**Task details**
Starting at the line below with "Identifique qual a" and stopping at the line with "Wall-Mounted Gym Pulley", please print each line exactly, those two included, and skip every picture.
Dataset records Start Marker
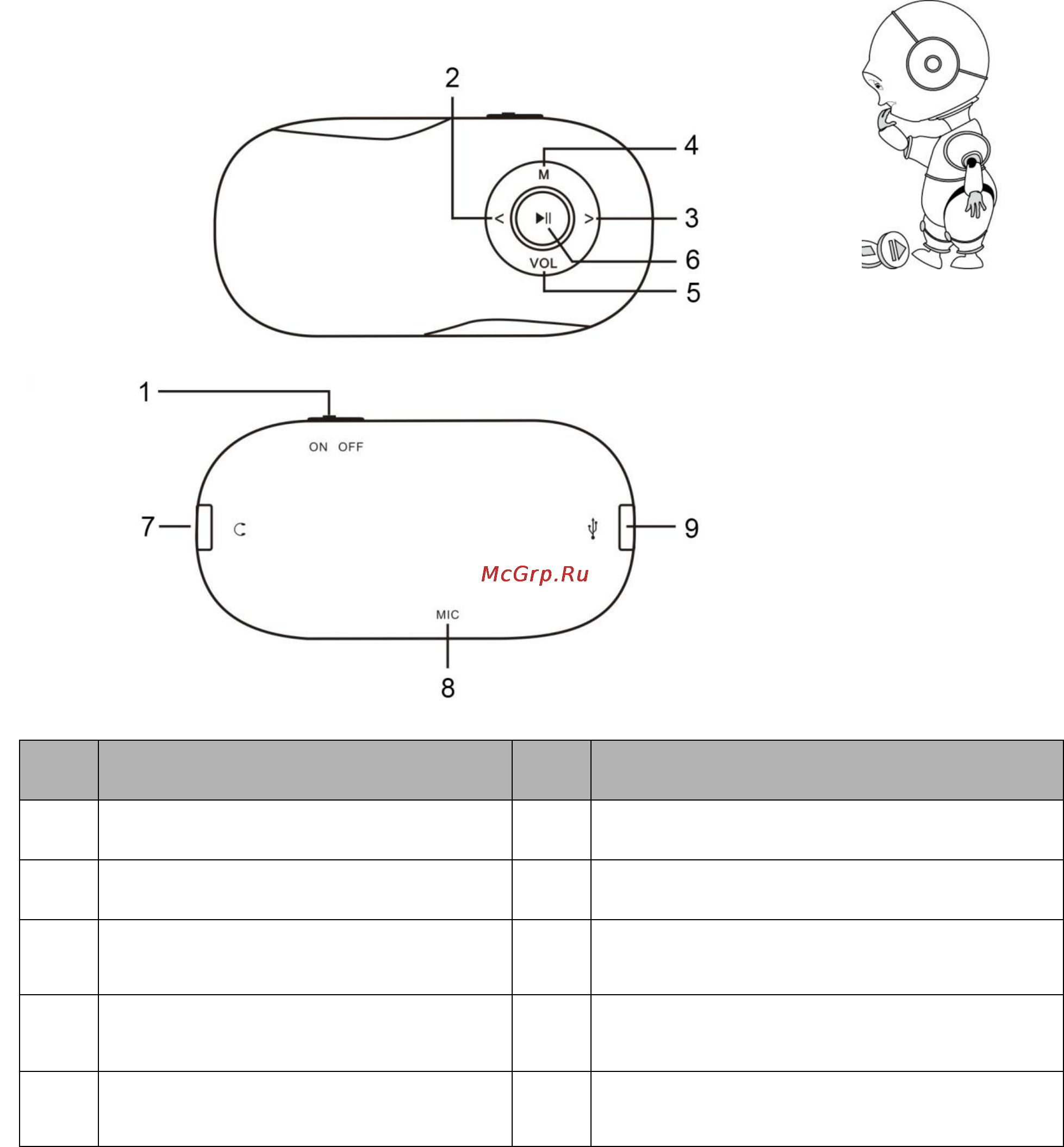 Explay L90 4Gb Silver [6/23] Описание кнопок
Dataset records End Marker
Dataset records Start Marker
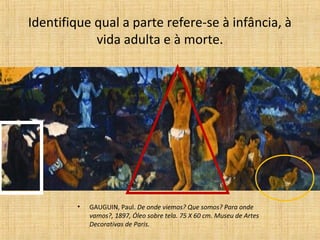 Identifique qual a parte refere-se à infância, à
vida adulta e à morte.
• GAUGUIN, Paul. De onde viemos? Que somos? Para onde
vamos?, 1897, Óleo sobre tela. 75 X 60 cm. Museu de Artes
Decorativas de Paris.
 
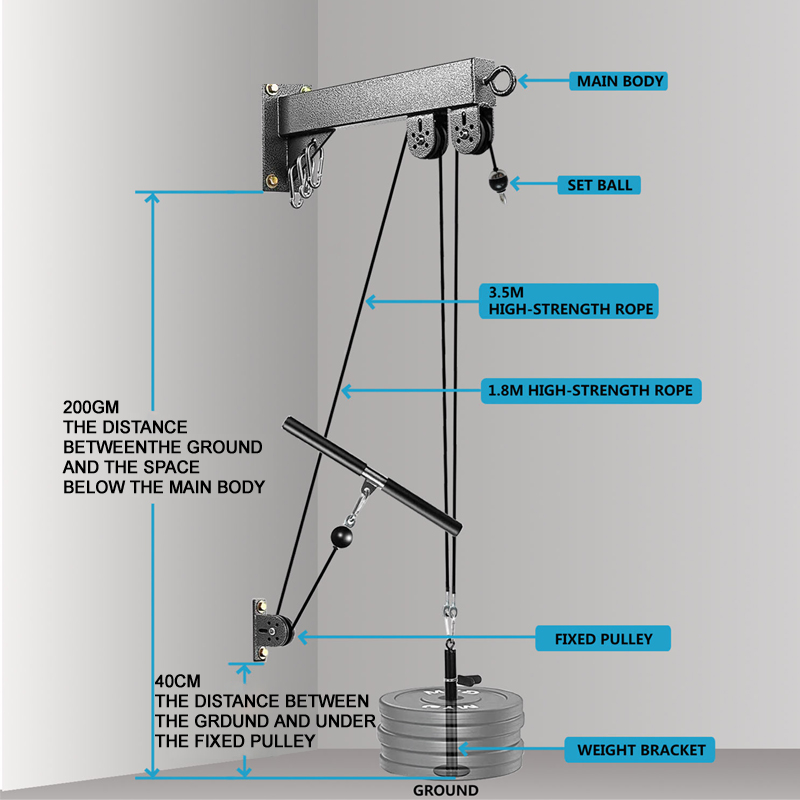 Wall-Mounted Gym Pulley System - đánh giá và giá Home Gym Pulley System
Dataset records End Marker
**Result for this exercise**
 Identifique qual a parte refere-se à infância, à
vida adulta e à morte.
• GAUGUIN, Paul. De onde viemos? Que somos? Para onde
vamos?, 1897, Óleo sobre tela. 75 X 60 cm. Museu de Artes
Decorativas de Paris.
 
 Wall-Mounted Gym Pulley System - đánh giá và giá Home Gym Pulley System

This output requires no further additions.